If you want to get anywhere, you must not fear exploration.

I was 4 in 2001. That’s when I first used a computer to go “online”. Since the beginning I had always been an inquisitive child. I knew how to set up a dial-up connection, go online, check e-mails, chat on yahoo messenger, google stuff up and what not! Despite of the dotcom mania, Microsoft Paint and Pinball had always been my favourite. I loved to write on MS Word and take casual printouts. That made me feel quite powerful.

Well now as I write this, I am a senior in college pursuing engineering degree specialising in Information Technology. Now things have changed — there’s no “dial-up”. Neither do I play Pinball nor do I take casual printouts and feel invincible.

As a child, nobody really listens to you. Everyone takes you for granted because you’re a 4 year old kid. But you know what? The computer took my commands very seriously. It did everything I asked it to do and that’s how, as a child, I felt empowered by using the computer.

I wanted to make everyone feel like their voice is being heard and action is being taken. That is why I wanted to make applications. Applications listen to people from every ethnicity, caste, religion, gender, colour. Applications don’t discriminate.

This is how I figured out that I should learn how to code and if possible, teach others how to code.

Now, I have groomed myself to make production-ready applications. Even though the learning is never ending, the satisfaction gained from applying classroom knowledge into practical world is unparalleled.

Recipe of Success, Does it Even Exist?

Mediocrity is achieved when one operates within the comfort zone. Excellence is achieved when one operates outside the comfort zone.

If I tell you that there is a pre-cooked and tested recipe of success, would you believe me? Most of you will say: No. Then why is that we keep googling “how to be successful” or watch videos like “common habits of successful people” ? Is it because we want to draw parallels from the articles and videos?

Well, short answer: there is no recipe to achieve success.

Long answer —

During the 2 year long journey of learning how to code (I’m still in the learning phase actually and it won’t ever stop), the only thing that kept me going was that the reason why I started in the first place was achieved in everything I did. At no point of time I felt that this was a waste of time/energy.

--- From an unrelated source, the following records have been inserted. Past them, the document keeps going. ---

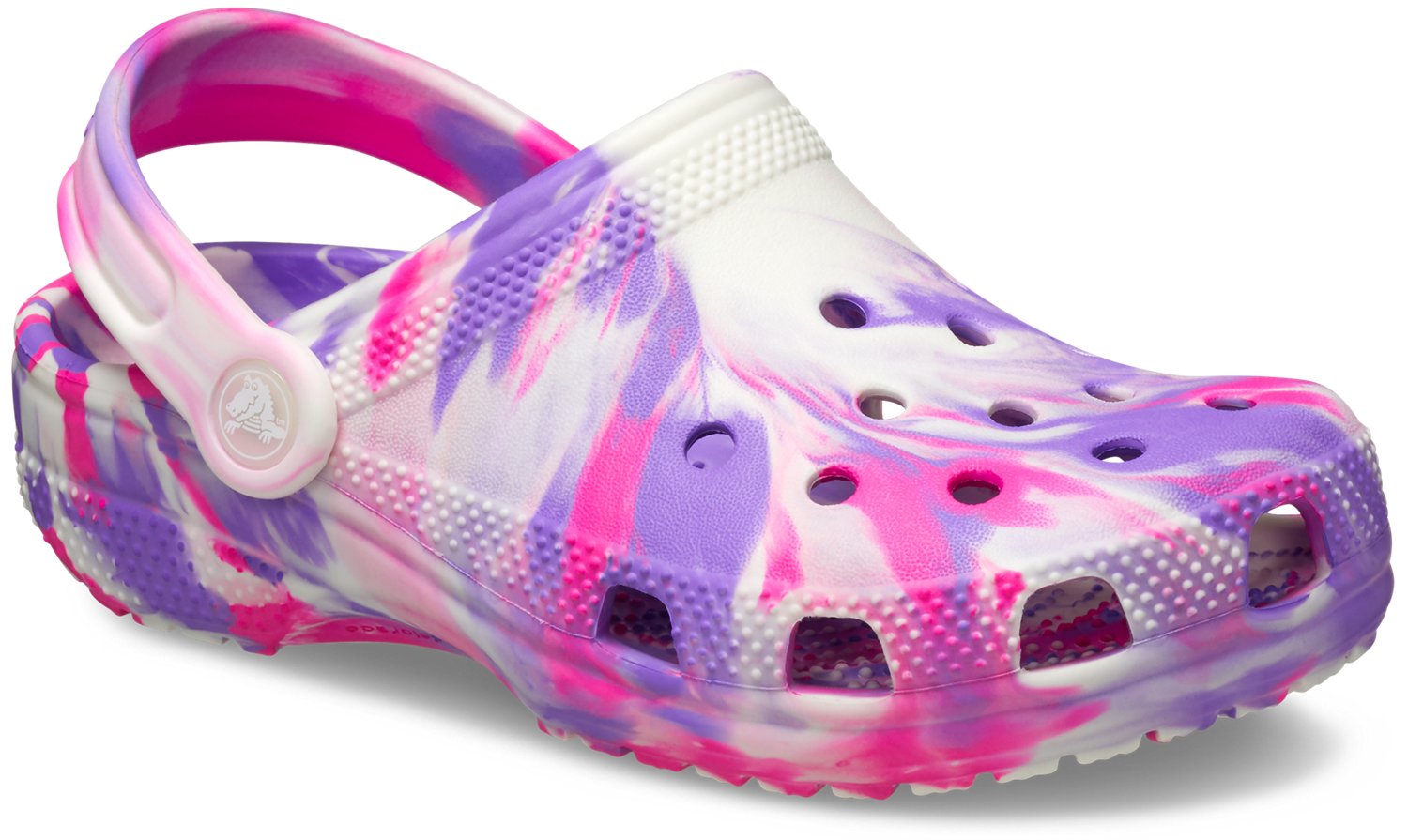 Crocs Kids' Classic Glow Marbled Clogs - view number 2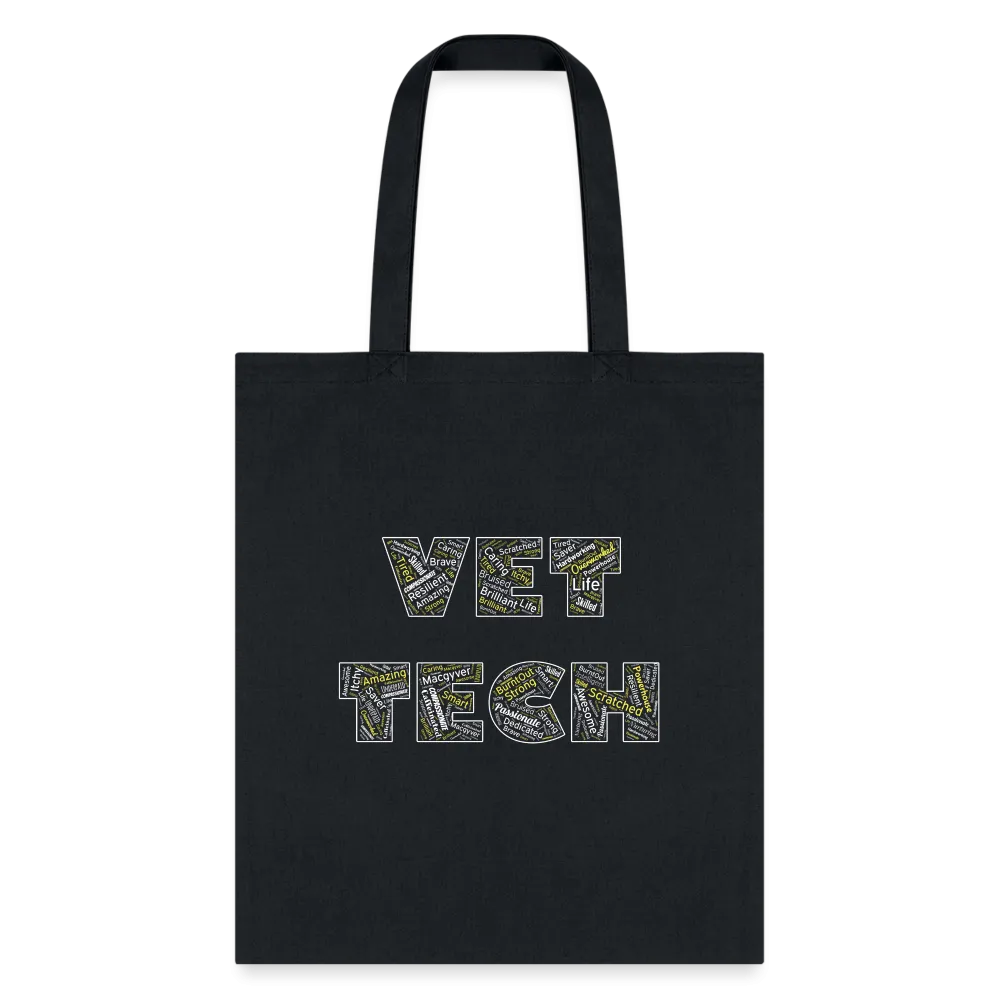 Vet Tech Typography Tote Bag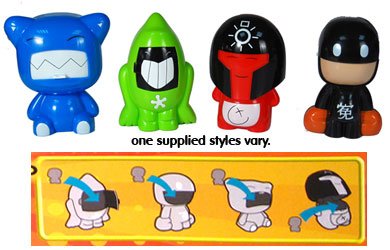 Crazy Bones 1 Collector Case (Colors May Vary)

We know how terrible it is to sit in front of the screen for hours trying to solve one error. The error not only stops the code from working but also drives you crazy. There would be times when you’d want to quit and just for a holiday. Who doesn’t feel low? But the real question is: even after all this, do you still want to come back and debug that bug? Do you feel like you’ve learned so much after debugging the little bug? Does it give you a kick to do more?

There have been several highs too. For instance, getting recognised in the industry and getting appreciated means a lot. When you run your scripts without a single error and warning in the first go. When your peer comes up to you to ask you a coding question, it feels important. When you start earning money out of the very thing you love to do, it feels like a fairytale. This feeling is liberating, empowering. It feels like you can do anything. Literally anything.

The crux is to never stop exploring. Technology is full of adventure. It teaches you subtle nuances, it teaches you patience, it teaches you how to maintain things.

In programming languages, thank god their are no accents otherwise some languages in some parts of the world would be so tough to understand! The good part about programming language is that, you can bend it in whichever form you like. The versatility of some languages like JS are beyond imagination. Once upon a time JS wasn’t thought to be a good tool to use, now it is everything.

Technologist is the new God. He/she can turn around your entire world with technology like blockchain, machine learning, internet of things.

A few clicks here and a few clicks there can create just about any application. Doesn’t this sound more powerful than anything else?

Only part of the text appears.